Give the number of lines in these entries that contain the string "Floral", with no further comment.

Brief descriptive captions
◇ ◇ ◇ ◇ ◇ ◇ ◇
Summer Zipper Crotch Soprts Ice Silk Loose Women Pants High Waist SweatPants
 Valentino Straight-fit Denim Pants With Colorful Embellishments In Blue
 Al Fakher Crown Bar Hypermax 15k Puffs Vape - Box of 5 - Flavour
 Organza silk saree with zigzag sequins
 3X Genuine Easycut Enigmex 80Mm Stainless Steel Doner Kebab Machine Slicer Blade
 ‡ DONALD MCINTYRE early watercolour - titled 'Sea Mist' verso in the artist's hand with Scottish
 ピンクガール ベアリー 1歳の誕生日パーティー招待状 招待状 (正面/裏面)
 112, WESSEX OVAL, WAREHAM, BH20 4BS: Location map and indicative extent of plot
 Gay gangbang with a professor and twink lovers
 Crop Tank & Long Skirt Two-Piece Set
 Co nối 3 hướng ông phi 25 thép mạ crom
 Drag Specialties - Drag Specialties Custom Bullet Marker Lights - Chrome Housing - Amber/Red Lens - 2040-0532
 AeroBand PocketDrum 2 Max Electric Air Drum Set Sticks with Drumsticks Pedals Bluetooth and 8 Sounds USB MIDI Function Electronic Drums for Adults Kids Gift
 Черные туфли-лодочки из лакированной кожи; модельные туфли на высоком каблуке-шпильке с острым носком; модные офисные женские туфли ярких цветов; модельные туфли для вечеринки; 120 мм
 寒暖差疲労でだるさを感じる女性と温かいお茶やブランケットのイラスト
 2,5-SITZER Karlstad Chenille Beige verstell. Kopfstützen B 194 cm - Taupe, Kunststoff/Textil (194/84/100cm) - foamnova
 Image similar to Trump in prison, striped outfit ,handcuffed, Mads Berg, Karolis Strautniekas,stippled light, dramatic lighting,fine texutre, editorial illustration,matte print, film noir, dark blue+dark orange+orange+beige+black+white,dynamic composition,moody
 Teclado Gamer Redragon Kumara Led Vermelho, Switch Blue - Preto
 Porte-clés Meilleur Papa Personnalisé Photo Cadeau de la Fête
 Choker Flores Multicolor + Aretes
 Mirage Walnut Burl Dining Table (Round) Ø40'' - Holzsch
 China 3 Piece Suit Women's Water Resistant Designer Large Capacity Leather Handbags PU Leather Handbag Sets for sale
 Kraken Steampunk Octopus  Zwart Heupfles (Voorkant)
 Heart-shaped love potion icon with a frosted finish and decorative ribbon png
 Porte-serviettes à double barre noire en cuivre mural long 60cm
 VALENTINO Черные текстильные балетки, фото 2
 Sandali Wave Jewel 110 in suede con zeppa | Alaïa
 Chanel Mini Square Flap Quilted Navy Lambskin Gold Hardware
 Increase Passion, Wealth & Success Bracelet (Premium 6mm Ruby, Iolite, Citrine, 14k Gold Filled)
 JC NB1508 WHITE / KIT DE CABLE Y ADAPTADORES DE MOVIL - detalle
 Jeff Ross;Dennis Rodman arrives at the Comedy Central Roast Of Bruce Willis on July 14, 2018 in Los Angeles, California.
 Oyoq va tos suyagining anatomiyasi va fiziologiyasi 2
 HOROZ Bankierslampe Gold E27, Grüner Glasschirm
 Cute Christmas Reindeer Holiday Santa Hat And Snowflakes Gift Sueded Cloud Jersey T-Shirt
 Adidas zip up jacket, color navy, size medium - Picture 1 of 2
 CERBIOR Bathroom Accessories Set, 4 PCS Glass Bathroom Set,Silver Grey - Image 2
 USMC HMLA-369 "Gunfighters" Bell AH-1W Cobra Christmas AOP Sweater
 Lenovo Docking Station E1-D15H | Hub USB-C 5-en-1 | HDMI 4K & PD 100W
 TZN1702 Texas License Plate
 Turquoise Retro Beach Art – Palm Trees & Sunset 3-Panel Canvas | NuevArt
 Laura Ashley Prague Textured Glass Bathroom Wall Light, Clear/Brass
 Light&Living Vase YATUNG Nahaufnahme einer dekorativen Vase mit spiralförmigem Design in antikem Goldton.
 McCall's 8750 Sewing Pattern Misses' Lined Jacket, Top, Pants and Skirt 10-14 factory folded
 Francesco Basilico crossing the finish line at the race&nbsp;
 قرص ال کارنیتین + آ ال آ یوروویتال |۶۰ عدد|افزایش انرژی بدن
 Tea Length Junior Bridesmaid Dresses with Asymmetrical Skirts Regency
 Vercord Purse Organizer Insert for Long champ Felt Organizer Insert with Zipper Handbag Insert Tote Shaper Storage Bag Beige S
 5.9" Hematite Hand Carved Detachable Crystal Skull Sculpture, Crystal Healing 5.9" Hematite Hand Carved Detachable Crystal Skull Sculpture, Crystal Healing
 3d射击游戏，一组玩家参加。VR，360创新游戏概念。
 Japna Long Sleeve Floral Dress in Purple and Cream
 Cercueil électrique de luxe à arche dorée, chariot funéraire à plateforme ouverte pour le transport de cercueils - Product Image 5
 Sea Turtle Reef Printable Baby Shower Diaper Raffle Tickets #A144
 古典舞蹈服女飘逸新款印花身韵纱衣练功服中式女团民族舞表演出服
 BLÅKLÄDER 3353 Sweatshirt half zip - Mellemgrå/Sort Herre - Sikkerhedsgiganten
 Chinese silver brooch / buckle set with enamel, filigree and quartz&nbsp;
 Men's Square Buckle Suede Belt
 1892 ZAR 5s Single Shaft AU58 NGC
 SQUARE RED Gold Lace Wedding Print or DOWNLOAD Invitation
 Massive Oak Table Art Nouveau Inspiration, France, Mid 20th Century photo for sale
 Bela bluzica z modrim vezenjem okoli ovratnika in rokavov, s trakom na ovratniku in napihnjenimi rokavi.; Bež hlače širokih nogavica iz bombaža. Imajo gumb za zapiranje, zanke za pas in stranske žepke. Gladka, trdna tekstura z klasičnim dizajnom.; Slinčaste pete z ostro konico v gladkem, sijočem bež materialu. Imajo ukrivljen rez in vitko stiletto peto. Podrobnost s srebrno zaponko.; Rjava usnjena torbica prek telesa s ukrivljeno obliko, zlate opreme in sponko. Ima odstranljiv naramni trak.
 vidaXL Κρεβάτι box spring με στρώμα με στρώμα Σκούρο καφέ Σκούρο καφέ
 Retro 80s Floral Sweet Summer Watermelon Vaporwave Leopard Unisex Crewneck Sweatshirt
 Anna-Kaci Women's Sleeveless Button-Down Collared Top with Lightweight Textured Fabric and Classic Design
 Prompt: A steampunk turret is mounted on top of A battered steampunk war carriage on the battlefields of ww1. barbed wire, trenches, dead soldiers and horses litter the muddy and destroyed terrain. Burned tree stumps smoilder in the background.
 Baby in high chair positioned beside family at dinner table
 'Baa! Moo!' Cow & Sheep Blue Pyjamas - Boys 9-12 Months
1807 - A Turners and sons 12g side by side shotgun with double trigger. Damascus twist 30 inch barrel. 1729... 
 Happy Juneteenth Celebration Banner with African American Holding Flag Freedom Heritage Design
◇ ◇ ◇ ◇ ◇ ◇ ◇
- [TASK SOLUTION]
2